The data: Begin

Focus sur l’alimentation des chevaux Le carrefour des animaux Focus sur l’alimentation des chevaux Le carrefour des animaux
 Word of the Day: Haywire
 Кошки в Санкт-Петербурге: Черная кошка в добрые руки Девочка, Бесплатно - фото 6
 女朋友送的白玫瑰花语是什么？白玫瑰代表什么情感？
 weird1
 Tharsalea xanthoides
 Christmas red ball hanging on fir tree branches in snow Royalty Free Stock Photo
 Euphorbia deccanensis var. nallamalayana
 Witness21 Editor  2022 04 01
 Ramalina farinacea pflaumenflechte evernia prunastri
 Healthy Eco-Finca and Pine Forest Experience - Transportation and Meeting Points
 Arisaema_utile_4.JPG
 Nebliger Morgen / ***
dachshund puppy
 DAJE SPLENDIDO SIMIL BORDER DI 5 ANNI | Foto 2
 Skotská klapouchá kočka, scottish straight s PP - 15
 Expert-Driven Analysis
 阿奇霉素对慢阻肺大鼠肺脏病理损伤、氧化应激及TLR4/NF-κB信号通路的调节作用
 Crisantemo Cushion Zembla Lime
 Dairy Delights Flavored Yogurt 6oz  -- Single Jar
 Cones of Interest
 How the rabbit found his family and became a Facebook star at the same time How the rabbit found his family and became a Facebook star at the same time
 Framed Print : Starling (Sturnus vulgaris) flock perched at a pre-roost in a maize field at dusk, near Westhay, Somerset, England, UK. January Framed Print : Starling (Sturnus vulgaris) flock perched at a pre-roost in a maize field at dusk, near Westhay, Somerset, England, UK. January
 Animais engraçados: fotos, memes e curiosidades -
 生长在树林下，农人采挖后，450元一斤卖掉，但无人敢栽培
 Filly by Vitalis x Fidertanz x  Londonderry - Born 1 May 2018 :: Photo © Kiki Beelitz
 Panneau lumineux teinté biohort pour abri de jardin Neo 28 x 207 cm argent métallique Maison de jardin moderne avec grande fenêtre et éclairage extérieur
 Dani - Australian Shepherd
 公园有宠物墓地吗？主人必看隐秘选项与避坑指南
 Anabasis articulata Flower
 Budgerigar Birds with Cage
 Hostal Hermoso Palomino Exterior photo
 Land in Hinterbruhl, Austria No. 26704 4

The data: End

- **The problem**: The lines from the one with "Dani - Australian Shepherd" through the end of the data above are to be set down exactly, with both boundary lines included and no other lines.

- **Output**:
 Dani - Australian Shepherd
 公园有宠物墓地吗？主人必看隐秘选项与避坑指南
 Anabasis articulata Flower
 Budgerigar Birds with Cage
 Hostal Hermoso Palomino Exterior photo
 Land in Hinterbruhl, Austria No. 26704 4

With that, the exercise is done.